Amnesty International ha documentato, con nome e cognome, i casi di 55 civili (tra cui 16 bambini e 14 donne) uccisi dagli attacchi aerei della Nato a Tripoli, Zlitan, Majer, Sirte e Brega.
Molte delle vittime sono state uccise a seguito di attacchi aerei contro abitazioni private, nelle quali Amnesty International e altri organismi non hanno rinvenuto alcuna prova che venissero usate per scopi militari al momento dell'attacco.
La sera dell'8 agosto 2011, due abitazioni appartenenti alle famiglie Gafez e al-Ja'arud sono state colpite a Majer, a ovest di Misurata. Secondo le testimonianze della famiglia sopravvissuta, 34 persone tra cui otto bambini e otto donne, sono morti e diverse altre persone sono rimaste ferite in tre distinti attacchi aerei. La famiglia non era a conoscenza di movimenti di persone o attività in corso nei pressi delle abitazioni che potessero spiegare gli attacchi.
Nella sua ultima risposta ad Amnesty International, datata 13 marzo, la Nato ha dichiarato di essere "profondamente dispiaciuta per ogni danno che possa essere stato causato da quegli attacchi aerei", ma di non avere "alcun mandato per svolgere qualsiasi attività in Libia dopo la fine, il 31 ottobre 2011, dell'Operazione protettore unificato" e che "la responsabilità principale" delle indagini è delle autorità libiche.
"La risposta della Nato equivale al rifiuto di assumere la responsabilità delle sue azioni e lascia alle vittime e alle loro famiglie la sensazione di essere state dimenticate e private di ogni possibilità di accedere alla giustizia" - ha commentato Rovera.
Per di più, prima del 31 ottobre 2011, la Nato non ha fatto nulla per indagare sui civili uccisi e feriti dai suoi attacchi aerei nelle aree poi passate sotto il controllo delle nuove autorità libiche del Consiglio nazionale di transizione (Cnt), aree che erano dunque accessibili in condizioni di sicurezza. Tutti i sopravvissuti e i parenti dei civili uccisi dalla Nato che Amnesty International ha incontrato hanno affermato di non essere mai stati contattati dalla Nato o dal Cnt.

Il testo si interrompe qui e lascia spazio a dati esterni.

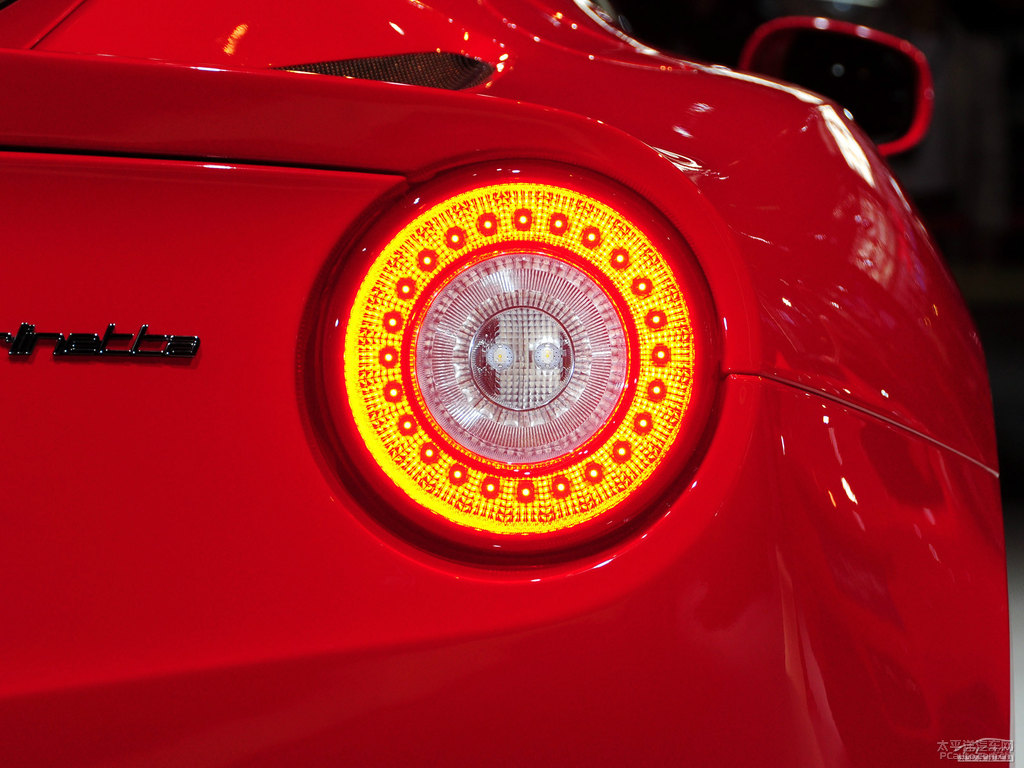Rosso CorsaF12berlinetta܇β^DƬ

La Nato deve assicurare lo svolgimento di indagini rapide, indipendenti, imparziali e approfondite su ogni denuncia relativa a gravi violazioni del diritto internazionale da parte delle forze che hanno partecipato all'Operazione protettore unificato e renderne pubbliche le conclusioni. Nei casi in cui vi siano prove sufficienti, i sospetti dovranno essere processati.
Ulteriori informazioni
Secondo la Nato, durante i sette mesi di campagna militare aerea e marittima in Libia, sono stati lanciati oltre 9700 attacchi e sono stati colpiti oltre 5900 obiettivi militari. Nelle sue operazioni militari, la Nato era tenuta a rispettare le norme del diritto internazionale umanitario applicabili nei conflitti armati internazionali, in particolare quelle relative alle precauzioni da adottare per evitare o almeno ridurre al minimo i danni ai civili, come ad esempio gli obblighi di:
- fare tutto il possibile per verificare se i bersagli sono obiettivi militari;
- scegliere le armi e i metodi di attacco in funzione dello scopo di ridurre al minimo i danni ai civili e agli obiettivi civili;
- determinare la proporzionalità di un attacco programmato, cancellandolo o sospendendolo se appare sproporzionato o diretto verso un obiettivo errato;
- dare effettivo preavviso degli attacchi che possono riguardare la popolazione civile, salvo che le circostanze non lo permettano.